DIRECTIONS:
Nothing but the text should be carried over: reproduce all the data exactly and leave out every image.
[[ DATA open ]]
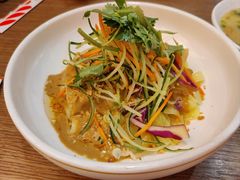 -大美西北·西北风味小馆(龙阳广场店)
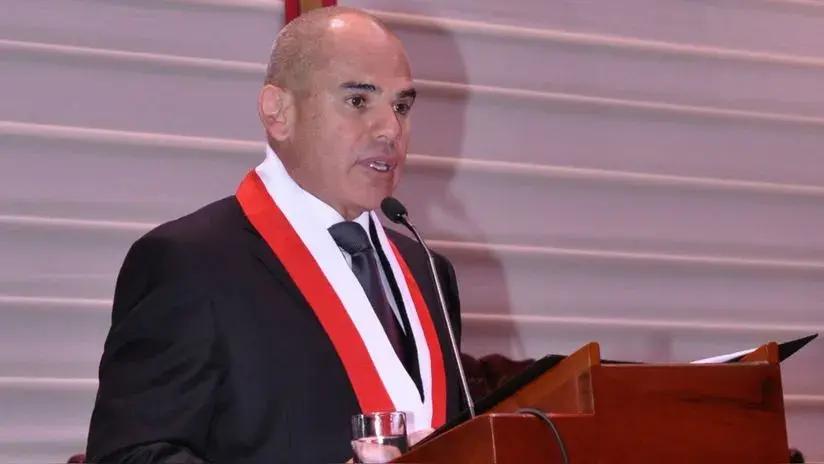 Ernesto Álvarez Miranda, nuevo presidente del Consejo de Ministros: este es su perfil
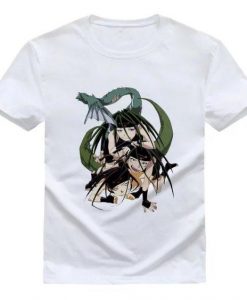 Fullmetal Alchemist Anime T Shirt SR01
[[ DATA closed ]]
WRITTEN RESPONSE:
 -大美西北·西北风味小馆(龙阳广场店)
 Ernesto Álvarez Miranda, nuevo presidente del Consejo de Ministros: este es su perfil
 Fullmetal Alchemist Anime T Shirt SR01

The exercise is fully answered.